An diesem Punkt hackt sich Bishop, die Teamleiterin der Assassinenoperationen, in die aktuelle Gedächtnissequenz ein und bittet den Spieler persönlich, sich der Assassinenbruderschaft als neuer Adept anzuschließen. Bishop zeigt ein streng geheimes internes Abstergo-Video-Memo, in dem Abstergo beschreibt wie sie diese Erinnerung nutzen wollen. Zu diesem Zweck wollen sie die Vorläufer-DNA (die in einer Dreifach-statt einer Doppel-Helix verborgen ist) für ihre Zwecke nutzen (Phoenix-Projekt). Bishop bietet Zugang zu einem anderen Speichersegment und hofft so mehr über die Pläne der Templer zu erfahren.

Hauptgeschichte[Bearbeiten | Quelltext bearbeiten]

Die Erinnerung beginnt in Frankreich im Jahre 1776 im Schloss von Versailles, als der ca. 10-jährige Arno Victor Dorian, der Sohn eines französischen Adligen, beim Spielen die gleichaltrige Elise De La Serre trifft. Elise ist die Tochter des Templer-Großmeisters François de la Serre. Nachdem sein leiblicher Vater unter mysteriösen Umständen im Palast ermordet wurde (siehe das Ende von Assassin’s Creed Rogue), adoptiert Großmeister François de la Serre Arno als seinen Sohn, obwohl De La Serre weiß, dass sein Vater ein Assassine war. Die Geschichte springt ins Jahr 1789 vor und zeigt Elises Einweihung in den Templerorden. Arno bekommt währenddessen den Auftrag eine Botschaft an seinen Adoptivvater De La Serre zu überbringen. Er überreicht diese Nachricht jedoch nicht persönlich, sondern legt sie in das Büro seines Stiefvaters, um sich mit Elise nach deren Einweihungszeremonie zu treffen. Nach dem Treffen mit Elise findet Arno seinen Stiefvater François de la Serre ermordet im Hof liegen. Der nicht zugestellte Brief sollte de la Serre vor dem Mordanschlag warnen. Die Gendarmerie hält Arno für den Mörder und arrestiert ihn in die Bastille.

In seiner Gemeinschaftszelle findet er kryptische Schriften an der Wand und beeindruckt einen Mitgefangenen, den Assassinen Pierre Bellec, mit seinen Kampfkünsten. Bellec bietet Arno an, ihn in die Bruderschaft der Assassinen aufzunehmen. Während des Sturmes auf die Bastille können die beiden Gefangenen entkommen. Arno kehrt nach Hause zurück und wird von Elise in Kenntnis gesetzt, dass die Botschaft, die Arno ihren Vater persönlich übergeben sollte, eine Warnung vor seinem drohenden Mord war. Als Elise erfährt, dass Arno ihren Vater den Brief nicht persönlich übergeben hat, macht sie ihn für seinen Tod verantwortlich und beschließt, mit ihm nichts mehr zu tun haben zu wollen. Sie offenbart sich ihm gegenüber als Mitglied der Templer.

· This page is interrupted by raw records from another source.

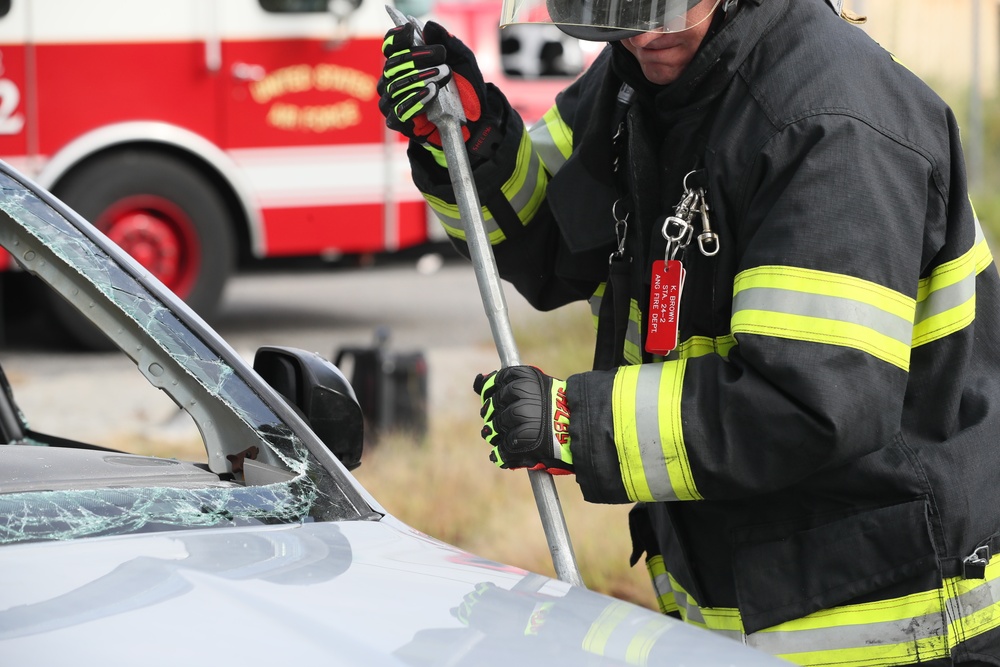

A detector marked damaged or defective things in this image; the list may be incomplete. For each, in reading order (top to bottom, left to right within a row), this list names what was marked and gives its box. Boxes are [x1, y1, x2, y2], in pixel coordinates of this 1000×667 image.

shattered windshield [0, 164, 376, 544]
damaged car [0, 162, 784, 667]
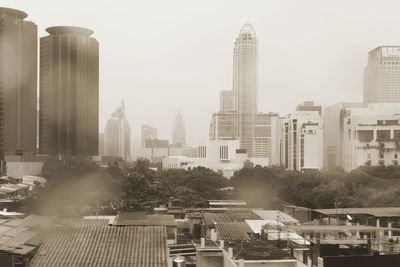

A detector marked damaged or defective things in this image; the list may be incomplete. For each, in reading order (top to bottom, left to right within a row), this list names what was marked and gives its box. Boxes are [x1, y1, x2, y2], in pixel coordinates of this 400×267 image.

rusty roof [30, 220, 167, 267]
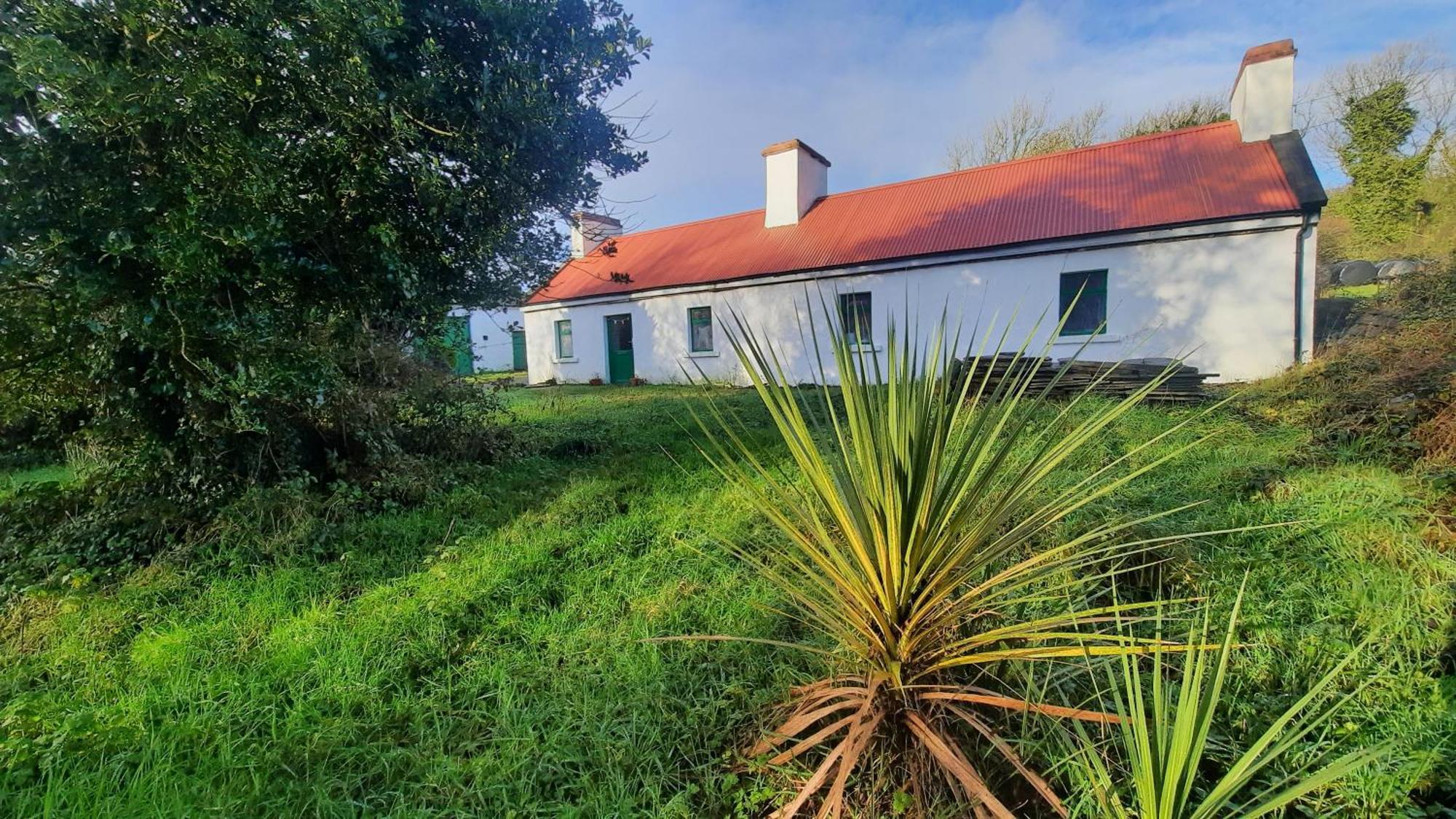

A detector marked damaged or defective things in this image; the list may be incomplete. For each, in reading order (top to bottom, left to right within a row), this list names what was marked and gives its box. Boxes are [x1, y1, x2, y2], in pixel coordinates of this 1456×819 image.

rusted metal roof [530, 120, 1305, 303]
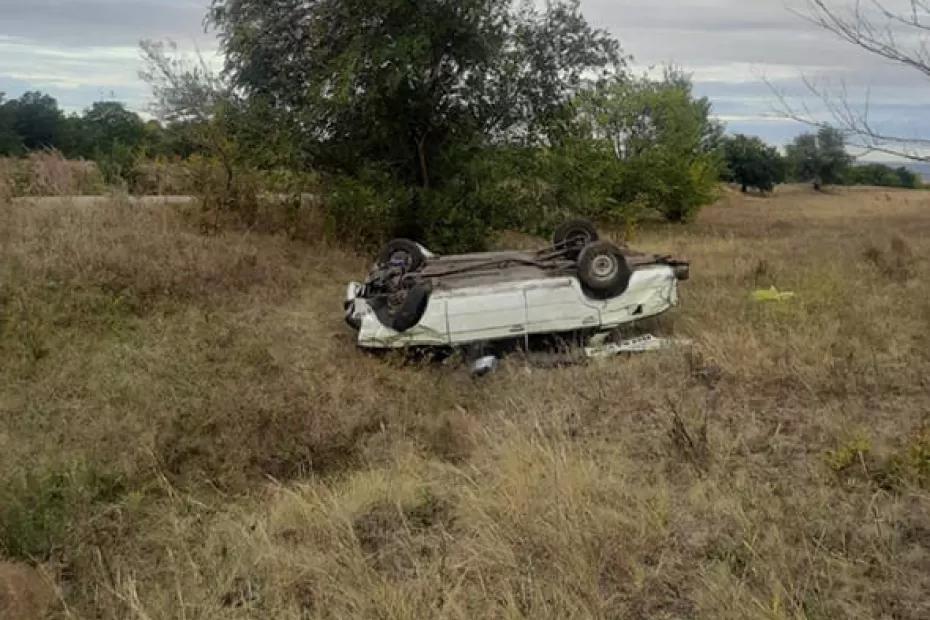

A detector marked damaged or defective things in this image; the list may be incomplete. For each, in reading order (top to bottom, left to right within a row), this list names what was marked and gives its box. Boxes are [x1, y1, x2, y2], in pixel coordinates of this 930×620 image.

overturned white car [344, 222, 684, 348]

Arno schließt sich der Assassinen-Bruderschaft an. Bellec nimmt Arno unter seine Fittiche und führt ihn als sein Mentor in die Künste der Assassinen ein. Arno bittet die Führer der Assassinen um Erlaubnis, die anderen Templer, die in De La Serres Mordkomplott involviert sind, zu finden und zu beseitigen. Der Anführer der Assassinen, Honoré de Mirabeau erlaubt Arno das Mordkomplott um seinen Stiefvater aufzudecken, er selbst wünscht sich Frieden zwischen den Assassinen und den Templern. Die gegenseitigen Friedensbemühungen wurden von dem ehemaligen Templergroßmeister und Arnos Stiefvater de la Serre bereits angestoßen, weswegen er auch von seinen Mitstreitern ermordet wurde.

Im Laufe seiner Untersuchungen rettet Arno einen Silberschmied namens François-Thomas Germain, der vom aktuellen Templer-Großmeister Lafreniere als Geisel gehalten wird, aus seiner Gefangenschaft. Nach dem Attentat auf Großmeister Lafreniere, der eigentlich derjenige war, der versucht hat seinen Stiefvater De La Serre mit seiner Nachricht zu warnen, begegnet Arno Elise wieder. Er kommt mit Hilfe von Elise dahinter, dass der von ihm befreite Germain der eigentliche Drahtzieher hinter dem Mordanschlag auf seinem Stiefvater de la Serre war. Der Assassinen-Führungsrat fängt unterdessen an, an Arnos Loyalität zu zweifeln, weil dieser immer mehr auf eigene Faust handelt um die Verschwörung hinter der Ermordung von De La Serres aufzudecken.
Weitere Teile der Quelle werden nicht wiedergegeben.